Ti ho sentito parlare della guerra, ce ne sono tante sparse in giro per il mondo. Non è mai finita, la guerra. Che semina terrore, morte, vittime…
«La prima vittima di ogni guerra è l’innocenza. Perché quando è in atto un conflitto immediatamente scompaiono tutte le ragioni. Bisogna per forza uniformarsi a un qualcosa di profondamente astratto, a un concetto che per sua natura non può accogliere una ragione, che sia una sola e che sia quella. A quel punto si diventa disfattisti oppure pacifisti. Insomma, si viene forzatamente arruolati, in quell’esercito o in quell’altro. E la verità diventa la seconda vittima dopo l’innocenza perché in quella situazione non c’è più la possibilità di ragionare!».
«La storia rinnova la vecchia lezione, al potere l’immaginazione»… «Con i tasti che ci abbiamo» possiamo tornare a riappropriarci della nostra libertà, tornare a usare anche l’immaginazione?
«Da bambino avevo il gran desiderio di possedere uno strumento con i tasti e non avendolo ho disegnato i tasti su una tavola di legno e scritto sopra delle cose immaginarie. La musica – come in generale la vita – è prima immaginata e poi vissuta. E nell’immaginare un qualcosa c’è anche un desiderio che in seguito si cerca di realizzare nel concreto. Immaginare le cose può essere rivoluzionario perché soltanto immaginandole si cerca poi di adeguarle alla realtà. I tasti però bisogna averceli e quando non si hanno tutti a disposizione, quando le cose si rompono e vanno in pezzi, come sta accadendo oggi, allora bisogna darsi da fare con quello che c’è e acquisire la consapevolezza di un limite, e di questo limite riuscire a fare una possibilità. Già essere consapevoli del limite è un passo importante, specie in questa società che spesso spinge al “No Limits”. Beninteso, dobbiamo sognare in grande, ma avere consapevolezza di chi siamo, di cosa possiamo fare. È importante aver cura dei desideri, che siano veramente nostri e non indotti. Ché i desideri possono essere causa di frustrazione e insoddisfazione».

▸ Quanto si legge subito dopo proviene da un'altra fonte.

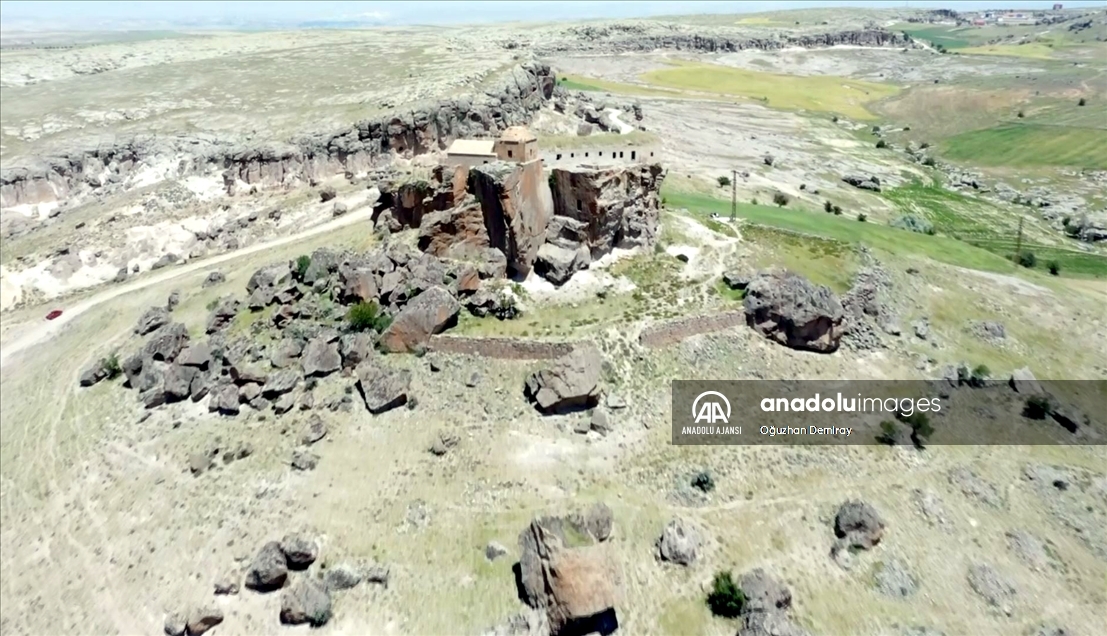 Aksaray'daki Yüksek Kilise ihtişamıyla ziyaretçilerini bekliyor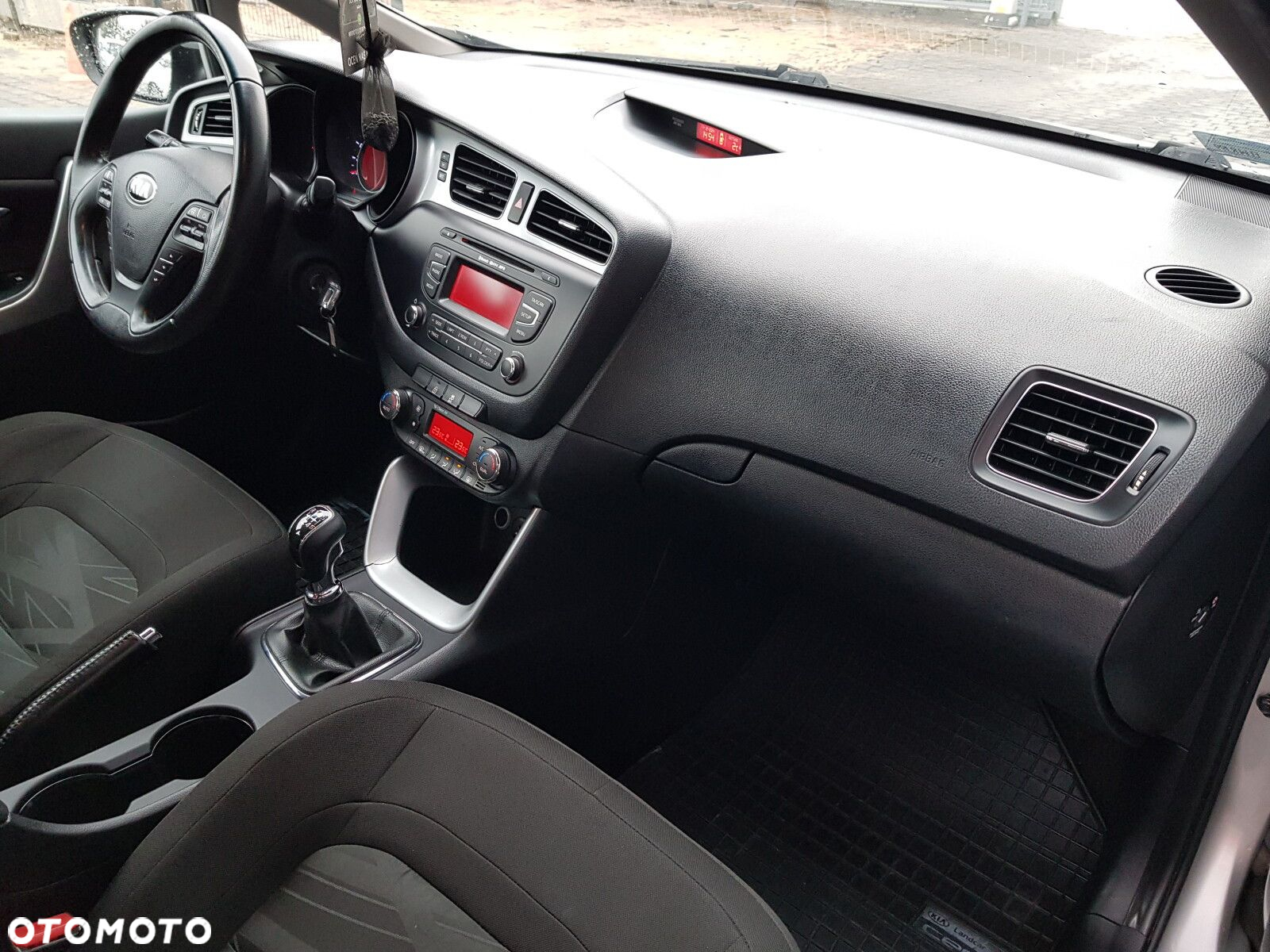 Kia Ceed Cee'd 1.4 CRDi M - 24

Sei in tour nei teatri di tutta Italia. 30 date. 30 città. Basterà a scuotere le coscienze? La musica d’autore, così come il cinema e ogni altra forma d’arte, pensi possa provocare – come un tempo – una qualche reazione, o quanto meno suscitare qualche riflessione?
«Credo nella canzone come forma di pensiero che può aggiungere un’emozione alla parola per mezzo della musica. Non è in grado di cambiare il mondo però può essere veicolo di qualcosa. Può aggiungere consapevolezza, bellezza, bruttezza, ironia. Credo che tutto stia un po’ nella sincerità, nella verità che cerchiamo di metterci dentro. Non è in grado di cambiare il mondo, ma almeno quello che posso fare io è cercare di passare il secchio perché intanto la musica è questo: cercare di passare il secchio senza trattenerlo, come se fosse una lunga catena umana. E cercare magari di essere occasione per lasciar circolare idee, versi, anche di altre musiche, ma nello specifico di questo disco di tirar fuori consapevolezze un po’ diverse che a mio parere si impongono, ora come ora».
Vinicio Capossela sarà al teatro Politeama di Catanzaro domani alle 21, grazie all’impegno dell’onnipresente Pino Citrigno e della sua «L’altro Teatro», sempre vicini agli eventi culturali di prestigio con artisti di primissimo piano, nazionale e internazionale. Capossela sarà poi sabato al teatro Duemila di Ragusa, domenica al Bellini di Catania e lunedì al Golden di Palermo.